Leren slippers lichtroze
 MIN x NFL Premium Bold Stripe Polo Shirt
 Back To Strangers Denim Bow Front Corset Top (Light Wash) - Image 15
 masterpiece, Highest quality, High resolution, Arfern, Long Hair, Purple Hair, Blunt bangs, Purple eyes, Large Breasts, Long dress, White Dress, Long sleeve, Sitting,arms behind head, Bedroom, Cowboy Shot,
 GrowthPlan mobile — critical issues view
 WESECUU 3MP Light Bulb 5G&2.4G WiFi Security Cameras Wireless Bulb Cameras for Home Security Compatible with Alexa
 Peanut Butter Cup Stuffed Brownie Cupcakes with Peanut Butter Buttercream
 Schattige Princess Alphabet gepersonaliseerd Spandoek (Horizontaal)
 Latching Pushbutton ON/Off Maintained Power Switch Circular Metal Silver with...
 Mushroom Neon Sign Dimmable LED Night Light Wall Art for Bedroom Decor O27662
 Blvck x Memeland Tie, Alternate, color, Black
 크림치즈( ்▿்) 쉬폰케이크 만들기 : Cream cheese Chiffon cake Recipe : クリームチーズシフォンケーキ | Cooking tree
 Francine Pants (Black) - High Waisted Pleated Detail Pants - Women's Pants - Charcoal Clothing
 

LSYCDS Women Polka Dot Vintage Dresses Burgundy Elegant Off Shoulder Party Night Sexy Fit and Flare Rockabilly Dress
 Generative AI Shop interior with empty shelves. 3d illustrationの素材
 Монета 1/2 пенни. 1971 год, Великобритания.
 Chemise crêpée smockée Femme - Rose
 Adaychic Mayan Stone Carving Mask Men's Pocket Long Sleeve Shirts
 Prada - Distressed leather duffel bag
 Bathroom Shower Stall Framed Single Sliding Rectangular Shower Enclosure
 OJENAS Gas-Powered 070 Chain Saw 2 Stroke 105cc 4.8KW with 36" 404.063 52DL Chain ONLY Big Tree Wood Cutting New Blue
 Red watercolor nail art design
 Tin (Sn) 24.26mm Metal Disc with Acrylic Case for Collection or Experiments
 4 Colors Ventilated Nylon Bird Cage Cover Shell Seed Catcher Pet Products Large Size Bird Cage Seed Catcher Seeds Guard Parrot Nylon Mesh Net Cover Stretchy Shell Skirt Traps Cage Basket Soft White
# # #
▸ **Activity**:
Take the lines above from the one holding "Prada - Distressed leather duffel bag" to the last and output them exactly.

▸ **Result**:
 Prada - Distressed leather duffel bag
 Bathroom Shower Stall Framed Single Sliding Rectangular Shower Enclosure
 OJENAS Gas-Powered 070 Chain Saw 2 Stroke 105cc 4.8KW with 36" 404.063 52DL Chain ONLY Big Tree Wood Cutting New Blue
 Red watercolor nail art design
 Tin (Sn) 24.26mm Metal Disc with Acrylic Case for Collection or Experiments
 4 Colors Ventilated Nylon Bird Cage Cover Shell Seed Catcher Pet Products Large Size Bird Cage Seed Catcher Seeds Guard Parrot Nylon Mesh Net Cover Stretchy Shell Skirt Traps Cage Basket Soft White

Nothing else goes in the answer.